The topbar runs across the top of the editor and holds the controls you'll reach for most often: identity, undo/redo, display toggles, and the two most important buttons — Play and Save.

Game name and genre

The left of the topbar shows the game you're editing and its genre. The genre matters here because the editor adapts to it: the Inspector and tools change depending on whether you're editing a runner, a puzzle, a quiz, and so on (covered in the Inspector chapter).

Undo and Redo

Undo and Redo step backward and forward through your changes, exactly as they do in Unity, Unreal, and Godot. Any edit you make — moving an object, changing a value, adjusting a level — can be undone.
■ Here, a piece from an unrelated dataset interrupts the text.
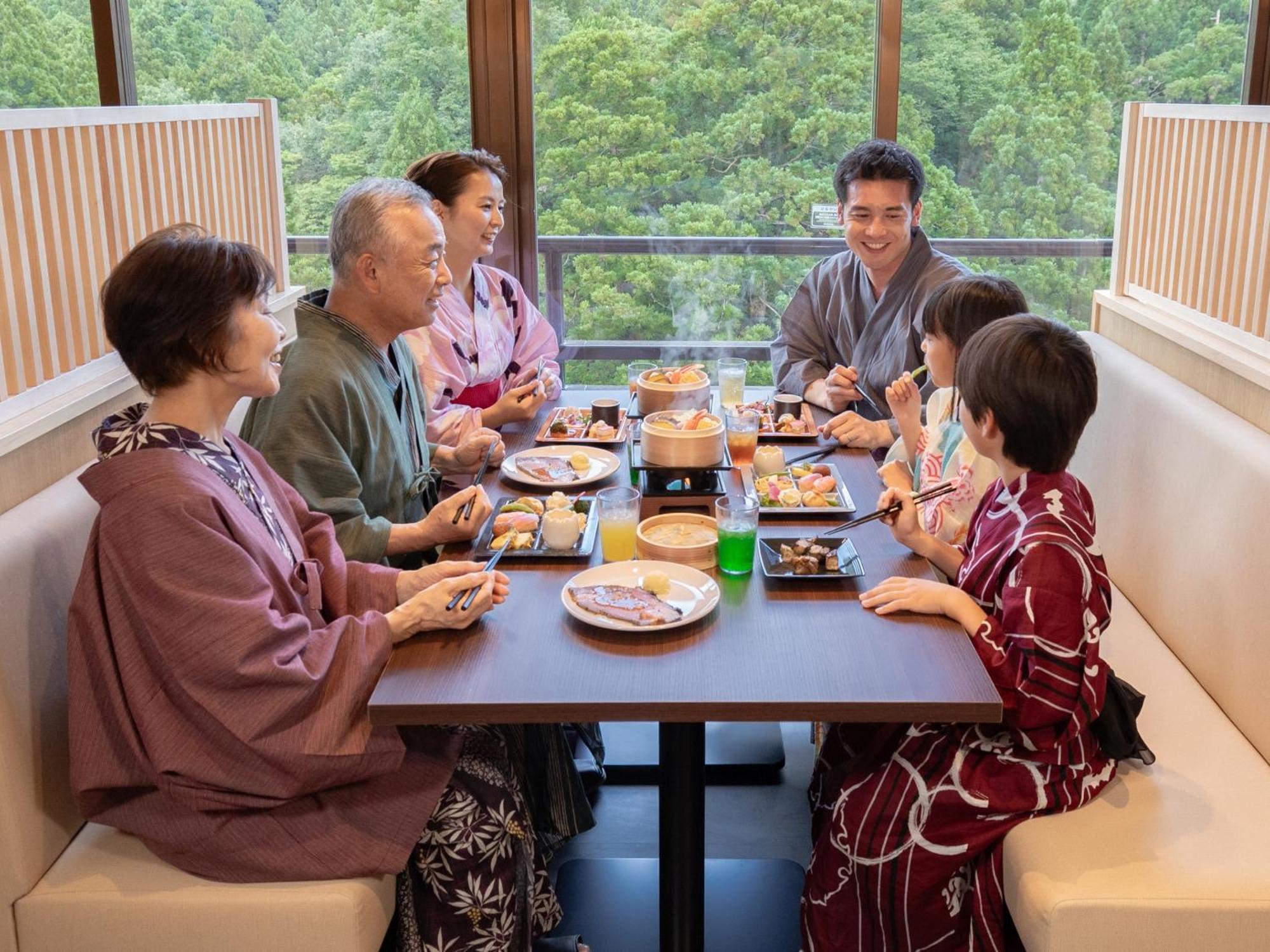 Hotel Ooedo Onsen Monogatari Premium Yoshinoya Irokuen à Kaga  Extérieur photo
Get into the habit of using them freely; they make experimenting safe, since you can always step back.

Display toggles

The topbar includes toggles that change what you see in the viewport, without changing the game itself:

  • AABB — shows the collision boxes around objects. AABB stands for axis-aligned bounding box, the simple rectangular collision shape used by most 2D games. Seeing these boxes helps you understand how objects will collide. This is the equivalent of turning on collider gizmos in Unity or collision shapes in Godot.
  • Camera — shows the camera frame, so you can see what the player will actually have on screen versus what extends beyond it. Engines show this with a camera frustum or 2D camera bounds.
  • Grid — overlays a grid to help you align objects neatly, just like the grid and snapping helpers in any engine's scene view.

Play

The Play button switches the editor into Play mode and runs the real game inside the viewport. This is the same idea as Unreal's Play In Editor or Unity's Play button. It's the fastest way to test a change — make an edit, hit Play, and try it immediately.

Save and Rebuild

Save (sometimes shown as Save & Rebuild) writes your changes back to the game and regenerates the playable version. Until you save, your edits live only in the editor. Saving applies them to the actual game so they take effect for anyone who plays it. The Saving and Publishing chapter covers exactly what happens when you save.